* _EXERCISE_
Extract every entry word for word. Skip the pictures.

* _SUPPLIED DATA_
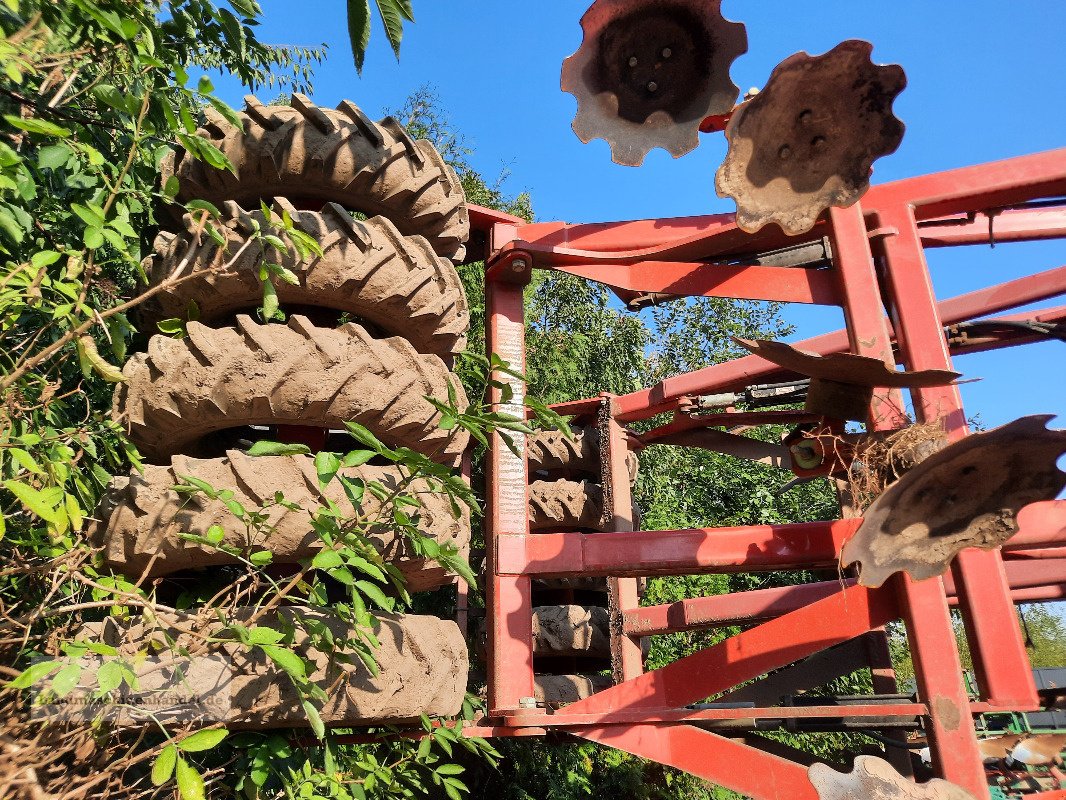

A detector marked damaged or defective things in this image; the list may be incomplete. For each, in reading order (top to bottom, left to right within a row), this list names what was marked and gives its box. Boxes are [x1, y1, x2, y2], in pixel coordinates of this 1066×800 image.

rust on metal [562, 0, 746, 166]
rusty disc blade [562, 0, 746, 166]
rusty disc blade [720, 40, 903, 234]
rust on metal [716, 41, 908, 234]
rusty disc blade [733, 339, 959, 388]
rust on metal [840, 420, 1066, 588]
rusty disc blade [840, 420, 1066, 588]
rust on metal [805, 759, 976, 800]
rusty disc blade [805, 759, 976, 800]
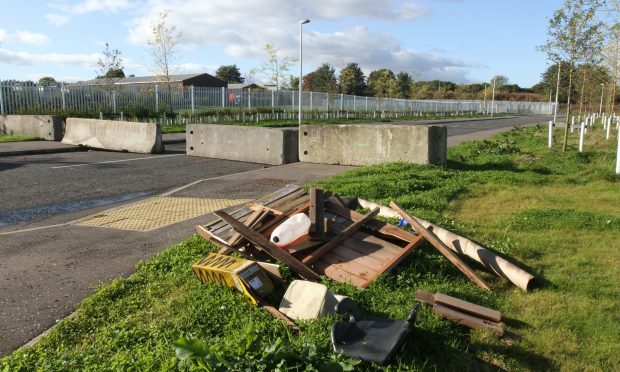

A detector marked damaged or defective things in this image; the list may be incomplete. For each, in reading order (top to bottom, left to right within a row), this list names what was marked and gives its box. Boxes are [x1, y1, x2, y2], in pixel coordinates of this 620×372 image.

broken furniture [196, 185, 424, 290]
broken furniture [280, 280, 348, 322]
broken furniture [330, 300, 422, 364]
broken furniture [416, 290, 504, 336]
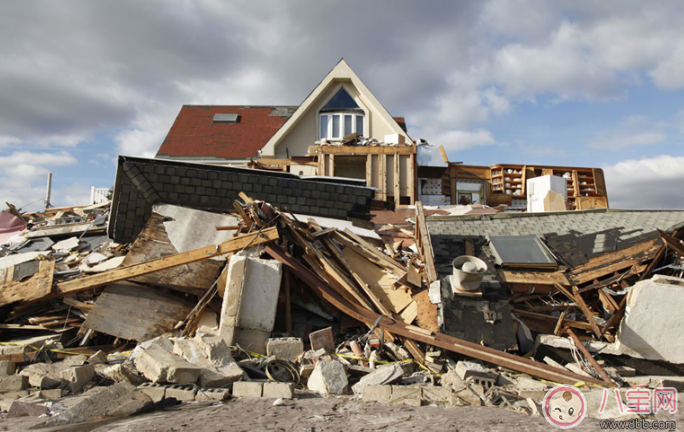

* _ANSWER TO THIS TASK_
A detector marked damaged or defective things in this image; the list may be incomplete. For each, in reading order (top to bottom, left to right within a row), this list names what was marked and gives its box. Boxes are [x1, y1, x2, y2], in pixel coordinates of this 1066×800 image.

rust on metal [562, 0, 746, 166]
rusty disc blade [562, 0, 746, 166]
rusty disc blade [720, 40, 903, 234]
rust on metal [716, 41, 908, 234]
rusty disc blade [733, 339, 959, 388]
rust on metal [840, 420, 1066, 588]
rusty disc blade [840, 420, 1066, 588]
rust on metal [805, 759, 976, 800]
rusty disc blade [805, 759, 976, 800]

A detector marked damaged or defective things in this image; the list may be incomplete. For each, in reading order (top to bottom, left to right within a row), this list names what was marked and gives its box. Boxes are [x1, y1, x2, y2], in pixel coordinates of this 620×372 image.

broken furniture [196, 185, 424, 290]
broken furniture [280, 280, 348, 322]
broken furniture [330, 300, 422, 364]
broken furniture [416, 290, 504, 336]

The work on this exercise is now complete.